1,100 expert-authored conversations across Finance and Legal domains form the core of PRBench. The dataset includes 19,356 expert-curated rubric criteria and covers 114 countries, 47 U.S. jurisdictions, and 25 professional topics. ScaleAI released this dataset, which was last updated on January 15, 2026.
Use Cases
- Benchmarking AI reasoning models based on expert-authored conversations and rubric criteria.
- Training domain-specific language models for finance and legal tasks based on the described professional topics.
- Evaluating model performance on challenging subsets like Finance-300 and Legal-250.
- Analyzing geographic and jurisdictional coverage in professional AI applications based on the 114 countries and 47 U.S. jurisdictions.
Strengths
- 1,100 expert-authored conversations provide a substantial foundation for analysis.

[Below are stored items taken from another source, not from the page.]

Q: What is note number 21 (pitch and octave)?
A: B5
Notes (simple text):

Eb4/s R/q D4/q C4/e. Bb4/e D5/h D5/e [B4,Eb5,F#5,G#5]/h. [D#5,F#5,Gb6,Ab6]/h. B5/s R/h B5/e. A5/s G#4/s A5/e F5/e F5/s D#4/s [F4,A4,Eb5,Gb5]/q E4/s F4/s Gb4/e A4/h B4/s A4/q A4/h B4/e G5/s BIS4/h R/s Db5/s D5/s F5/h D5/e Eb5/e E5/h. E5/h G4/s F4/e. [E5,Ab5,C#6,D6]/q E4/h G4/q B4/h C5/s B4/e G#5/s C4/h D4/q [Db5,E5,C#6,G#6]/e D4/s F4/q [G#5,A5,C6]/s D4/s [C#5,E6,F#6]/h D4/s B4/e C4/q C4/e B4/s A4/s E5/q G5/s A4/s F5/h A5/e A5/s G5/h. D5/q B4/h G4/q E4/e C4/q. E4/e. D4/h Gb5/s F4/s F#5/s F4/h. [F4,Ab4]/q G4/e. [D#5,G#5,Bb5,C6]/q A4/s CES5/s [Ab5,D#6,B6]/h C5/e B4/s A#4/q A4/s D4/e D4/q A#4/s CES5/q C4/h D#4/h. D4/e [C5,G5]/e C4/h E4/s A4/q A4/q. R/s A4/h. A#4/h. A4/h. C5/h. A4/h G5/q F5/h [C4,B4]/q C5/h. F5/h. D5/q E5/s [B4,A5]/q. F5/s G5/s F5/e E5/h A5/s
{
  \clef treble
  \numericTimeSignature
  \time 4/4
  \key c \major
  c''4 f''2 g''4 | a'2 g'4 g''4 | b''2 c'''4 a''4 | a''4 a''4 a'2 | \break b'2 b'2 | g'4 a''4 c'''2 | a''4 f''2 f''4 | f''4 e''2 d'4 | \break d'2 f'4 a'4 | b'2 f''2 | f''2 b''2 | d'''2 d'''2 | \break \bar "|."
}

- 19,356 expert-curated rubric criteria offer detailed evaluation targets.
- Coverage spans 114 countries, 47 U.S. jurisdictions, and 25 professional topics, suggesting broad applicability.
- Includes hard subsets (Finance-300, Legal-250) representing the most challenging tasks.
Limitations
- Column-level documentation is absent; field semantics must be inferred after download.
- Row count is unknown, which may limit suitability assessment.
Provenance
- Source
- ScaleAI
- Collection Method
- Expert-authored conversations and expert-curated rubric criteria.
- Time Range
- null
- Freshness
- Last updated 2026-01-15 18:38:00; freshness should be verified.
- Geography
- Covers 114 countries and 47 U.S. jurisdictions.